● **Problem**: Could you repeat the data word for word while skipping the pictures?

Extracted records:
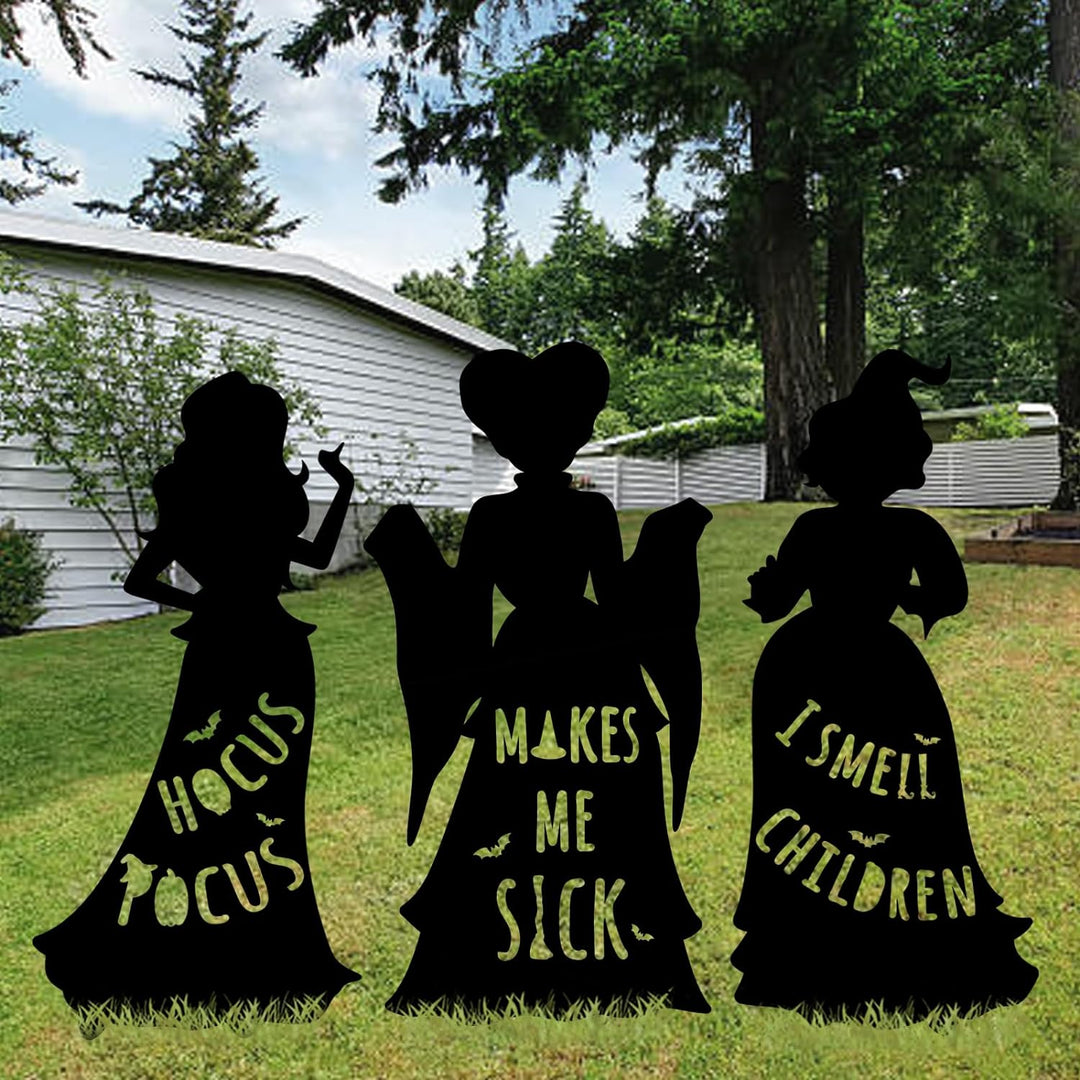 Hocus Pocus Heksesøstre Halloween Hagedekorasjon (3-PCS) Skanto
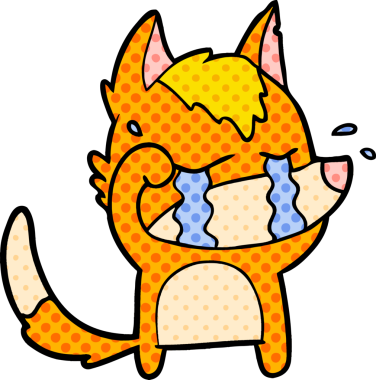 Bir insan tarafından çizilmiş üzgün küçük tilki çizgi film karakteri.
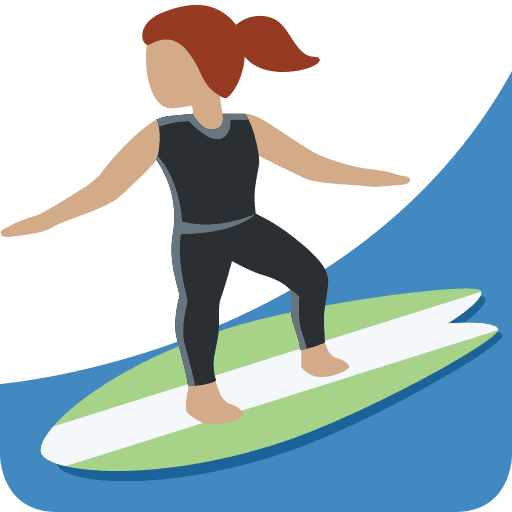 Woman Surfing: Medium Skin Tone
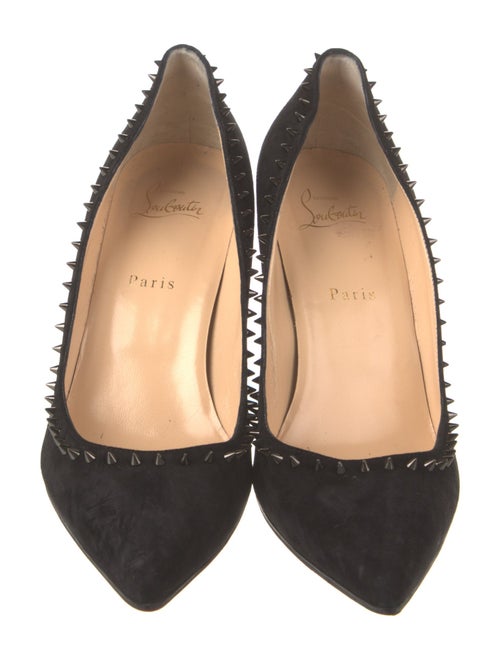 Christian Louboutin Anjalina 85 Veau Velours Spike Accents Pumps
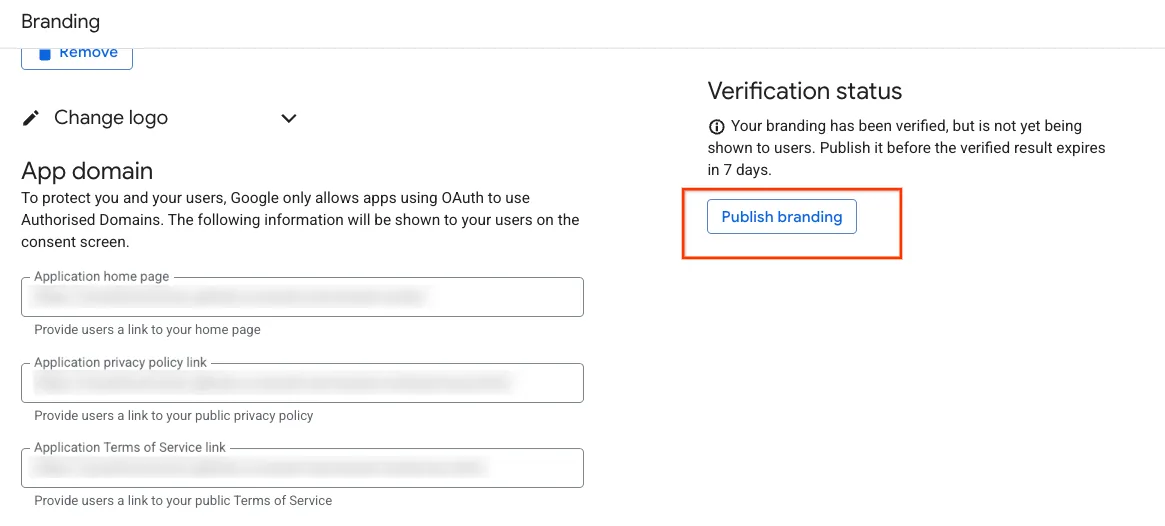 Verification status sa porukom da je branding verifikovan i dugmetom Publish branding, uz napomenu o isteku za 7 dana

● **Solution to this exercise**:
 Hocus Pocus Heksesøstre Halloween Hagedekorasjon (3-PCS) Skanto
 Bir insan tarafından çizilmiş üzgün küçük tilki çizgi film karakteri.
 Woman Surfing: Medium Skin Tone
 Christian Louboutin Anjalina 85 Veau Velours Spike Accents Pumps
 Verification status sa porukom da je branding verifikovan i dugmetom Publish branding, uz napomenu o isteku za 7 dana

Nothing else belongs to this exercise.